Фаина Георгиевна в 1981 году подарила мне книгу стихов Ахматовой с замечательной надписью: «Лешеньке — знавшему Великую Анну Ахматову. С любовью к нему, к его маме и к чудесной бабушке, сделавшей меня актрисой. Фуфа…»
В этой книге — много помет Раневской, одна из них относится к ташкентскому периоду их встречи с Ахматовой. Строки Анны Андреевны
Не любишь, не хочешь смотреть?О как ты красив, проклятый!И я не могу взлететь,А с детства была крылатой.

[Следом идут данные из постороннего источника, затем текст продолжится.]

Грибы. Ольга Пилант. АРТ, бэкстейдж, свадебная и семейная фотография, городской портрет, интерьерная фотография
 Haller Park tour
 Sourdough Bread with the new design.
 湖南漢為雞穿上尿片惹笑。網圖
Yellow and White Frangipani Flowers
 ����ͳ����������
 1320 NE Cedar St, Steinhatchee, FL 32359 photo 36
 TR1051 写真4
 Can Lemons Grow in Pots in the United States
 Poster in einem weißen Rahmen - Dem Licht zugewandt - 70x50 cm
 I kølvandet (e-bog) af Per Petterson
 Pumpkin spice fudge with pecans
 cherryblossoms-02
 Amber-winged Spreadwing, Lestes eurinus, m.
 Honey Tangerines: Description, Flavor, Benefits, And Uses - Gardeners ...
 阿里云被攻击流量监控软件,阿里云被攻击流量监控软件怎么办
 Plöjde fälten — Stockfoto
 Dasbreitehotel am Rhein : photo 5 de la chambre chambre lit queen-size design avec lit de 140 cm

она отчеркнула и пометила: «Я написала музыку на эти стихи. Ахматовой очень нравилось».
Раневская пишет:
«Однажды в Ташкенте Анна Андреевна написала стихи о том, что, когда она умрет, ее пойдут провожать: „Соседки из жалости — два квартала, старухи, как водится, — до ворот“, прочитала их мне, а я говорю: „Анна Андреевна, из этого могла бы получиться чудесная песня для швейки. Вот сидит она, крутит ручку машинки и напевает“. Анна Андреевна хохотала до слез, а потом просила: „Фаина, исполните „Швейкину песню“!
Ведь вот какой человек: будь на ее месте не великий поэт, а средненький — обиделся б на всю жизнь. А она была в восторге… Была вторая песня, мотив восточный: „Не любишь, не хочешь смотреть? О как ты красив, проклятый!!!“ — и опять она смеялась“.